== Exercise data ==
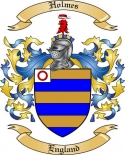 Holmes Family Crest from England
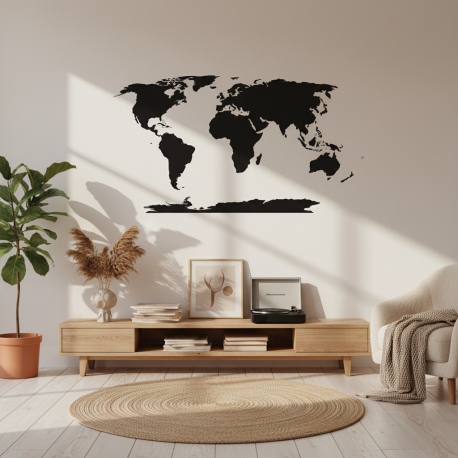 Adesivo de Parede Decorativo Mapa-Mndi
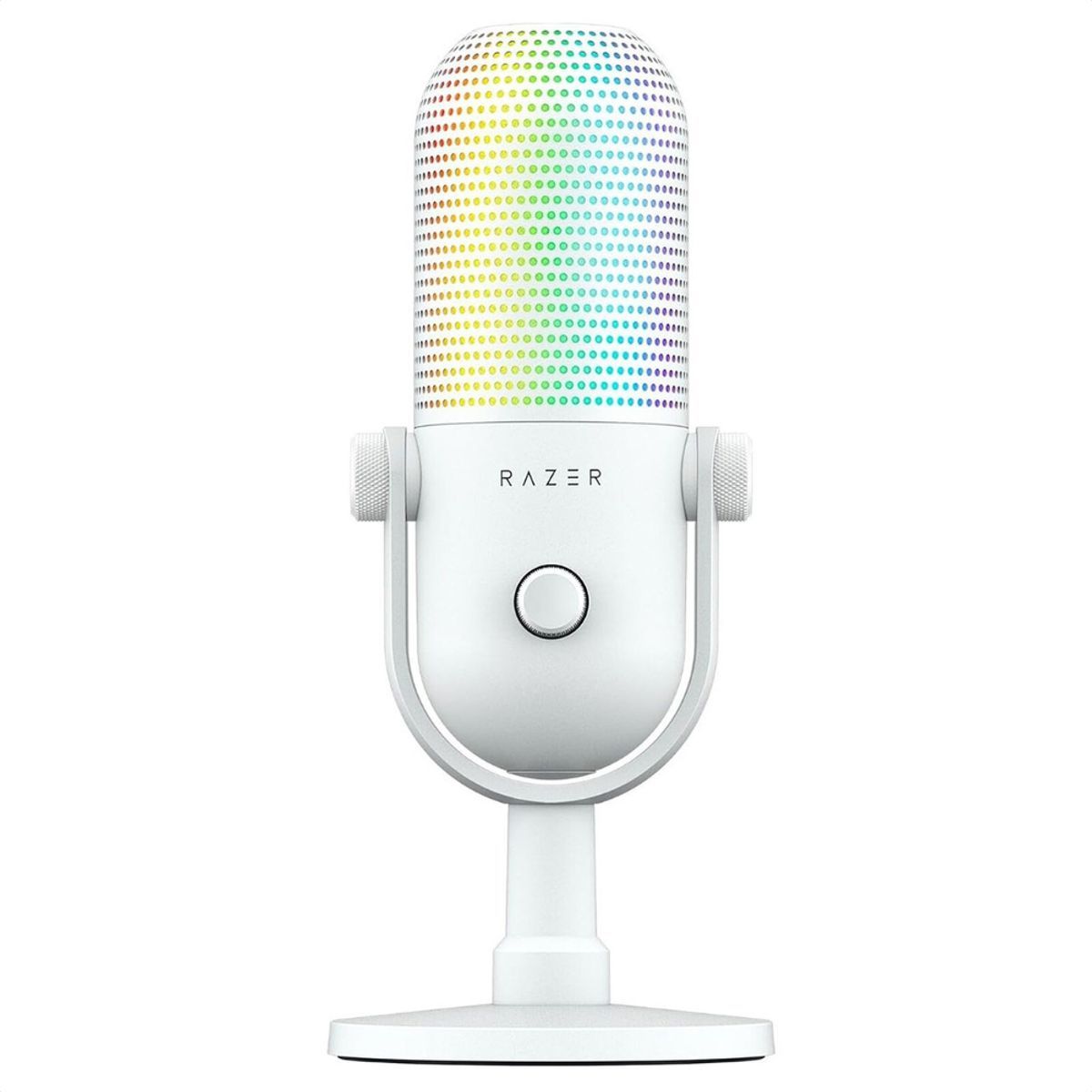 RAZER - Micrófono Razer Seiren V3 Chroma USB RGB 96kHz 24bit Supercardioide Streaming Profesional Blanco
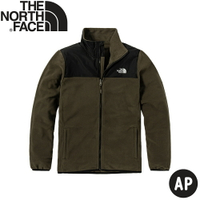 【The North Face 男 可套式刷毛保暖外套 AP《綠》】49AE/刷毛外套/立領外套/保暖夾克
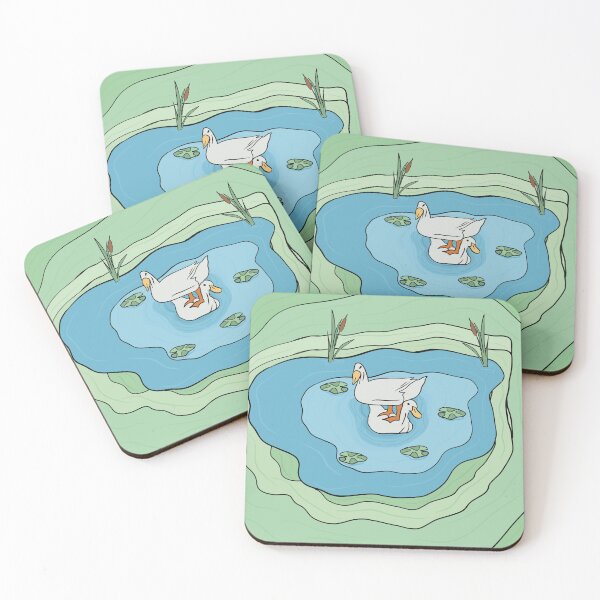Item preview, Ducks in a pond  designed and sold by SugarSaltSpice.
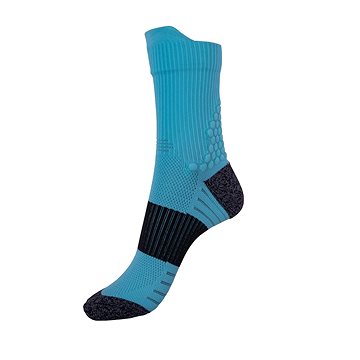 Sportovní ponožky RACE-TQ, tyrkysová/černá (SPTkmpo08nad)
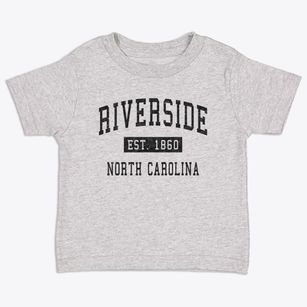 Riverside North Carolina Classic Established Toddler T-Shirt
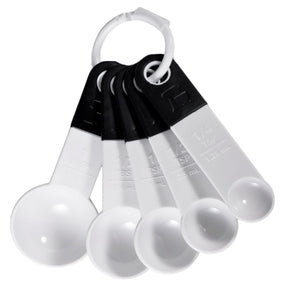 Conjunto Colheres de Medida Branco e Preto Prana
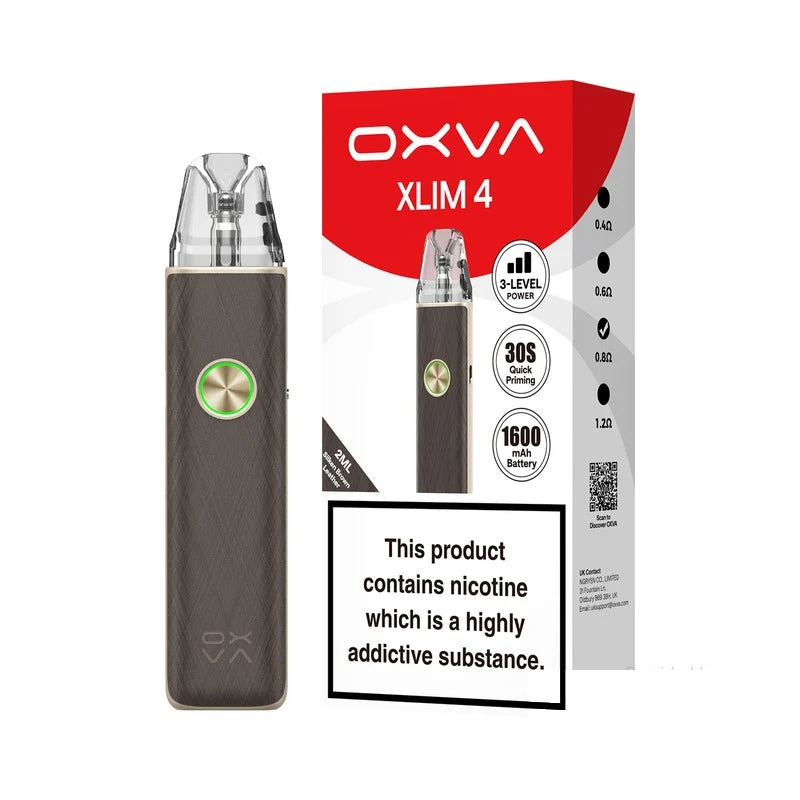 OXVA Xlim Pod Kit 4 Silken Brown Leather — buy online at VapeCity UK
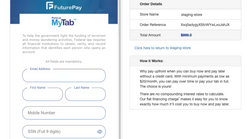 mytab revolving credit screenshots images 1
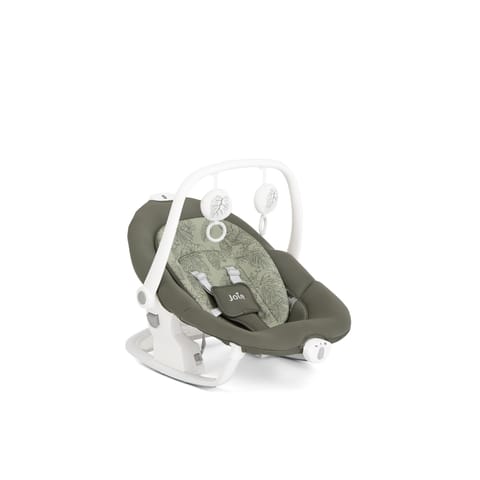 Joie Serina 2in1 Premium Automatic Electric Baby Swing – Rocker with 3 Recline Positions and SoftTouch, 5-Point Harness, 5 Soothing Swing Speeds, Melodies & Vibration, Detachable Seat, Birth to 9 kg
===
== Exercise data ==
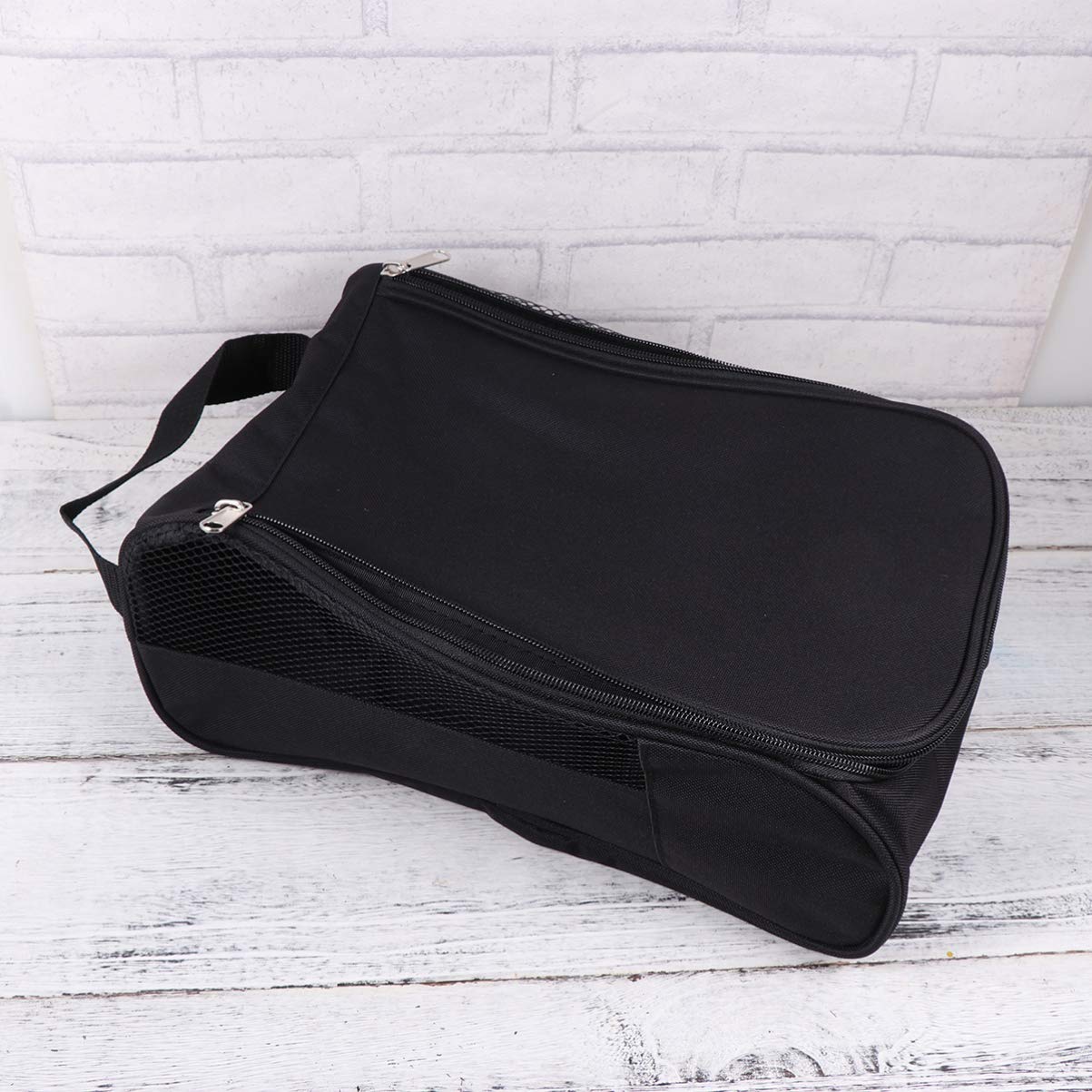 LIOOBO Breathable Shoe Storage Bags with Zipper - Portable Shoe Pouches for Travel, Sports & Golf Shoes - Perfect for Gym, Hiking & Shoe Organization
===
== Exercise data ==
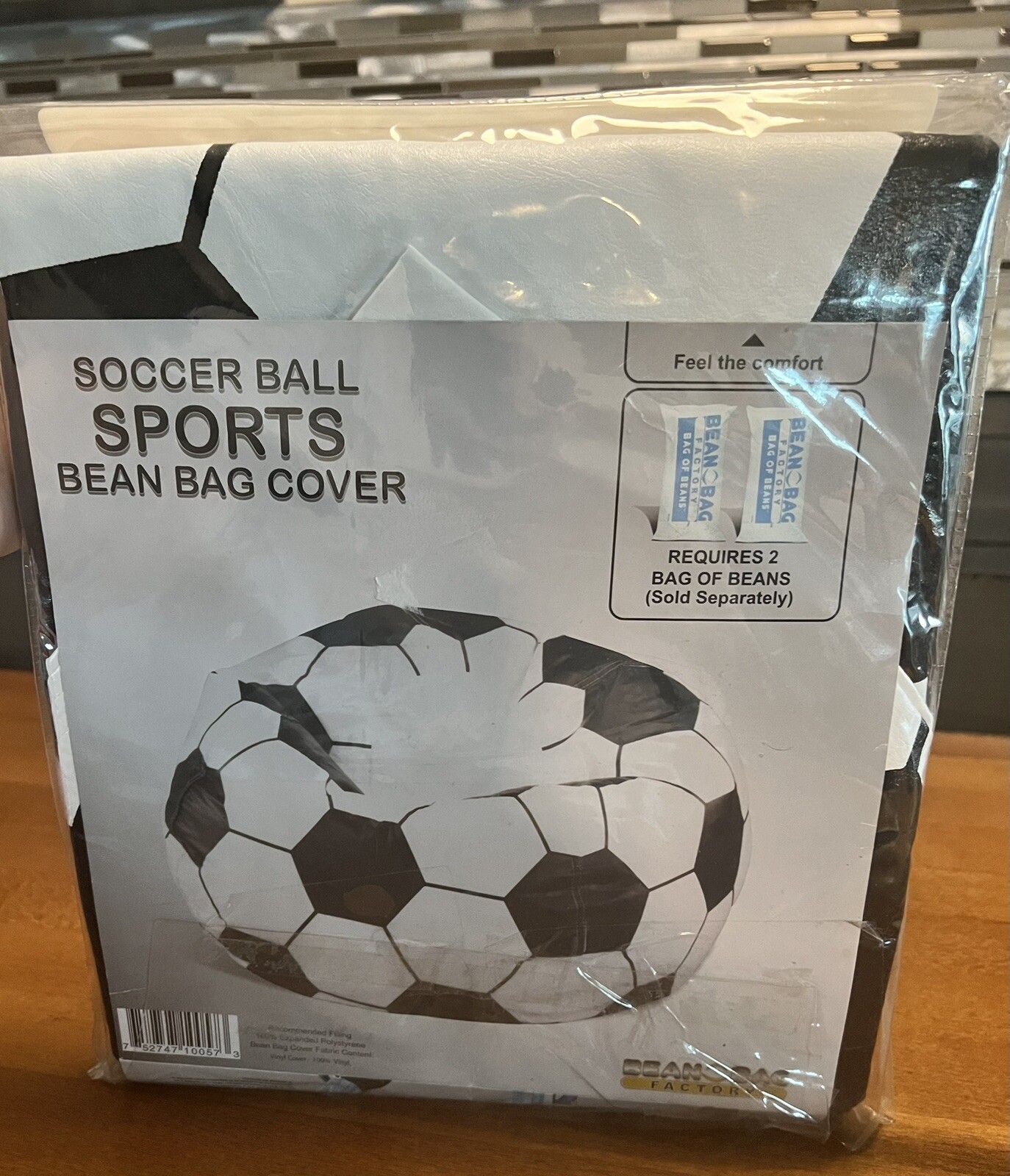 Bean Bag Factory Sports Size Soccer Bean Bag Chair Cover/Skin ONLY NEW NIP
===
- _What the task asks_
Starting with the line that contains "男 可套式刷毛保暖外套 AP《綠》】49AE/刷毛外套/立領外套/保暖夾克" and finishing with the line that contains "Joie Serina 2in1", reproduce every line of the material above exactly, but not the pictures.

- _Response to this task_
 【The North Face 男 可套式刷毛保暖外套 AP《綠》】49AE/刷毛外套/立領外套/保暖夾克
Item preview, Ducks in a pond  designed and sold by SugarSaltSpice.
 Sportovní ponožky RACE-TQ, tyrkysová/černá (SPTkmpo08nad)
 Riverside North Carolina Classic Established Toddler T-Shirt
 Conjunto Colheres de Medida Branco e Preto Prana
 OXVA Xlim Pod Kit 4 Silken Brown Leather — buy online at VapeCity UK
 mytab revolving credit screenshots images 1
 Joie Serina 2in1 Premium Automatic Electric Baby Swing – Rocker with 3 Recline Positions and SoftTouch, 5-Point Harness, 5 Soothing Swing Speeds, Melodies & Vibration, Detachable Seat, Birth to 9 kg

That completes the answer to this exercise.